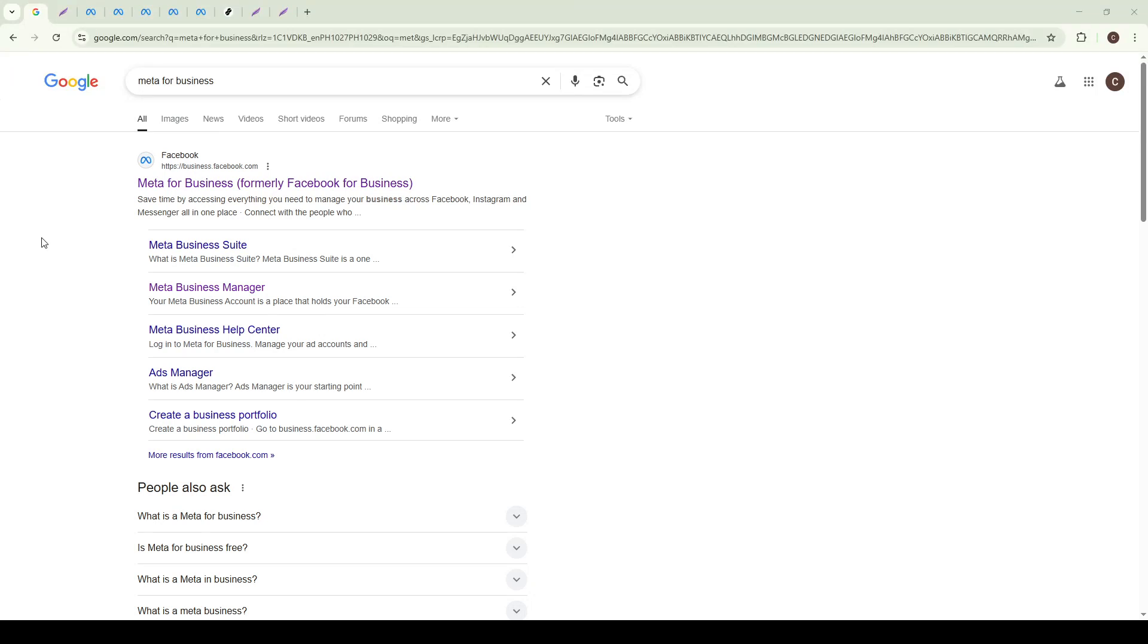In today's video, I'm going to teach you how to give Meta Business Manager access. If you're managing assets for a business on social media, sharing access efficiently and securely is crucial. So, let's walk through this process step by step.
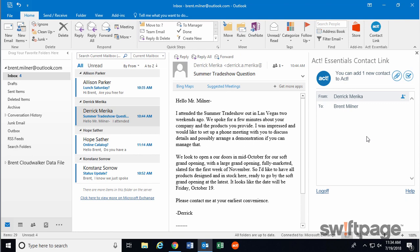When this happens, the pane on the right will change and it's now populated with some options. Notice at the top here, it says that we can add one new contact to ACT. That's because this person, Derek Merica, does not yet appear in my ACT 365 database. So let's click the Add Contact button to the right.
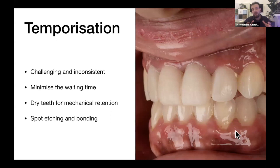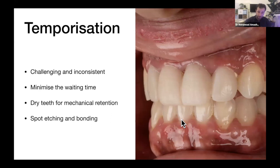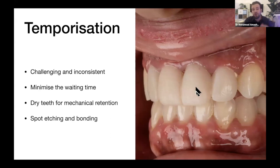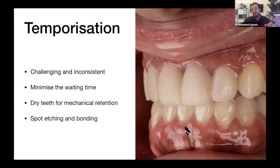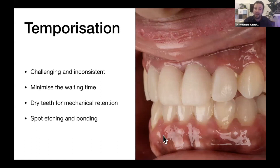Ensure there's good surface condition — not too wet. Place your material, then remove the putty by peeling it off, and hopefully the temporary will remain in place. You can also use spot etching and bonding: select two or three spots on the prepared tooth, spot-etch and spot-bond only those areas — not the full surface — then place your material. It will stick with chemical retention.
#####
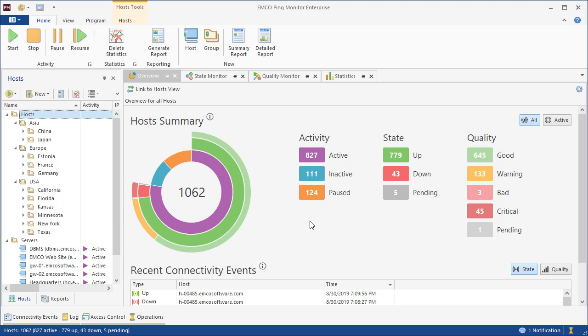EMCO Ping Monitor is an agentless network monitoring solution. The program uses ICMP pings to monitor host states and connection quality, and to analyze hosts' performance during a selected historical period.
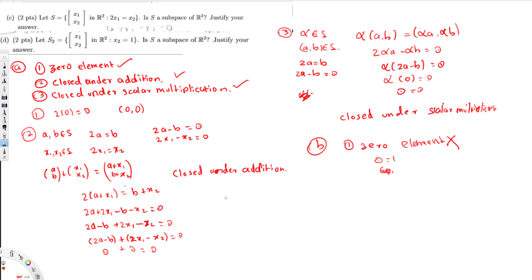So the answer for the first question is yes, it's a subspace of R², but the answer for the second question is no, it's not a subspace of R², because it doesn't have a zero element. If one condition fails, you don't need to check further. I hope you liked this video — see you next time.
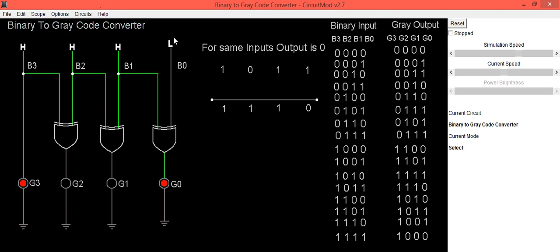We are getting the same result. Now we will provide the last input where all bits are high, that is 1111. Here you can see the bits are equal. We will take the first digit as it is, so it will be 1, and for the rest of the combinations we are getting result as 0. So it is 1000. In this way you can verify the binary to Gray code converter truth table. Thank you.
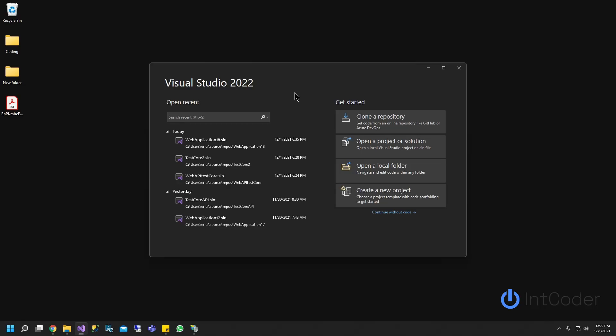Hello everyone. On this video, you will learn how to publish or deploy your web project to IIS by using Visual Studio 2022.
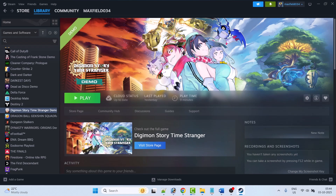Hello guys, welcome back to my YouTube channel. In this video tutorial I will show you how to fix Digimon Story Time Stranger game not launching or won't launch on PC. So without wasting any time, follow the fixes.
#####
§ **EXERCISE INSTRUCTIONS**: Above, find the line with "Hello everyone. On"; copy it and every line down to the line with "Hello guys, welcome", exactly and both included, but no pictures.

§ **EXERCISE SOLUTION**:
Hello everyone. On this video, you will learn how to publish or deploy your web project to IIS by using Visual Studio 2022.
Hello guys, welcome back to my YouTube channel. In this video tutorial I will show you how to fix Digimon Story Time Stranger game not launching or won't launch on PC. So without wasting any time, follow the fixes.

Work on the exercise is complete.